El trabajo me permitió descubrir cada día más sorpresas. Recuerdo una foto de Jaime Blanc, un gran bailarín en la compañía de Guillermina Bravo. Cuando lo vi supeque deseaba realizar con él una imagen en movimiento. Esa fotografía fue la puerta de entrada a las interrogantes para captar la danza no estática sino en acción.En las artes escénicas viví momentos de éxtasis, de inspiración casi divina. Por ejemplo, en la danza Butoh, donde hay energías tan profundas, tan concentradas en la lentitud, en el movimiento contenido. Una especie de fantasma se apodera de uno y te imprime esa misma energía de búsqueda en el drama, en el juego de luces y tinieblas, de sombras del cuerpo y su entorno.
Con Patricia Cardona publicamos durante cinco años un suplemento quincenal en el Unomasuno; se llamó Dos mil uno. Salud y ecología. Luis Gutiérrez era el director del diario. Patricia supo expresar lo ecológico en un lenguaje periodístico, sencillo y auténtico. La conciencia social se convirtió en una conciencia ambiental y en una conciencia estética.
Decidí jubilarme de la fotografía y entregar mis archivos a diversos centros de investigación. No pensé en venderlos sino en preservar ese testimonio y esa actividad de tantos años, que produjeron un sinnúmero de películas. Mi trabajo está en cuatro sitios: cultura popular (en el Museo de Culturas Populares), Cenidi Danza, teatro (está en el citru), todo lo demás lo entregué al Instituto de Investigaciones Estéticas y contiene política, reportajes y zonas arqueológicas, y más.

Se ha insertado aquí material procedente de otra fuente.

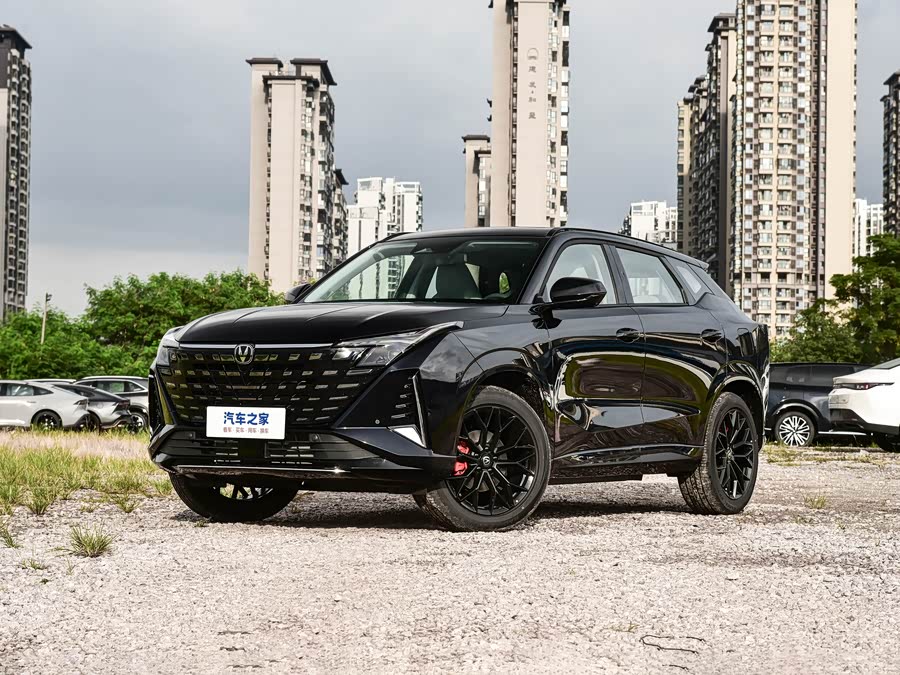 2026 Changan UNI-Z Hybrid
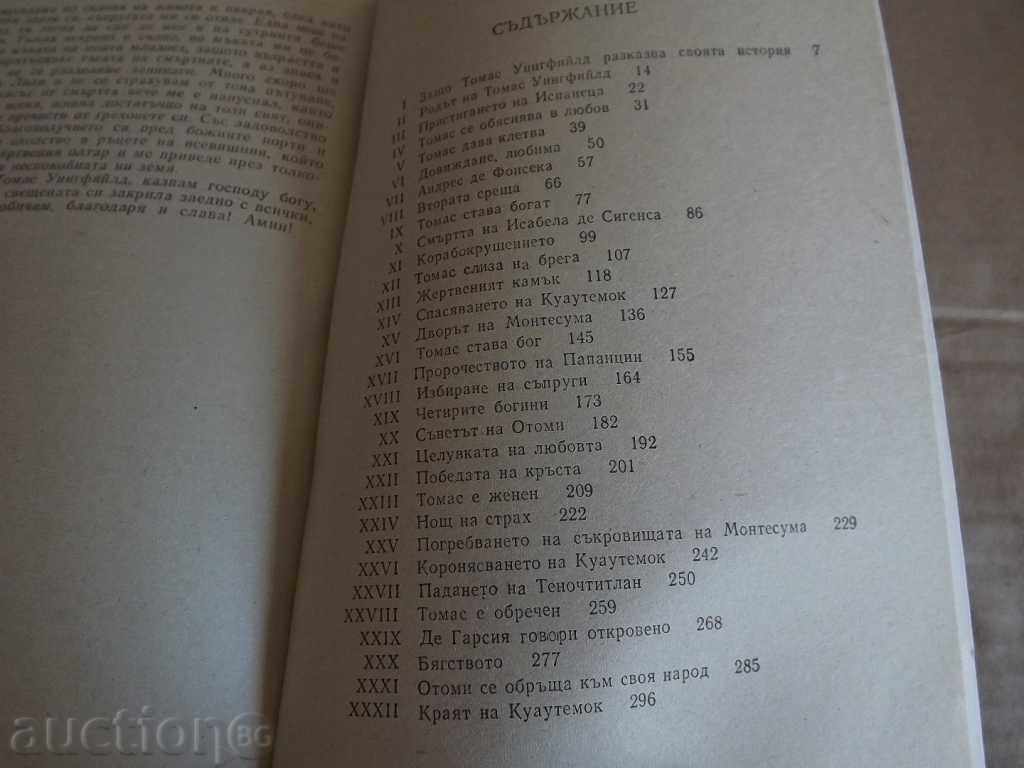 Delivery of THE MONTESAMA DONATION OF CORSTES Delivery of THE MONTESAMA DONATION OF CORSTES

Como otros fotorreporteros y artistas, podría haber ganado una buena suma por mi acervo, pero quise devolverle a este país un poco de lo que soy y de lo mucho que me ha dado. Esa obra y esa trayectoria fue la razón por la que me entregaron en Pachuca, el año pasado, un premio y una medalla al Mérito Fotográfico.
En verdad, siento un gran agradecimiento de haber venido a este país maravilloso. A menudo vuelvo física o imaginariamente a Veracruz, donde recibí la luz y los primeros aromas mexicanos. Una señora alemana, que me ayudó mucho durante el viaje, solía invitarme a colocarnos durante horas en la proa del barco para contemplar el movimiento ondulatorio de los delfines, exactamente como en las escenas de Titanic. Tenía catorce años de edad. Durante esas semanas tomé conciencia de la distancia, del alejamiento de casa, del continente europeo. Hoy no se tiene noción de la lejanía. Luego vino Ciudad de México. Era grande, pero no monstruosa. Se podía vivir y desplazarse sin contratiempos. Ya me resulta imposible habitarla, por eso me fui a la costa, al mar, en busca de esas primeras sensaciones.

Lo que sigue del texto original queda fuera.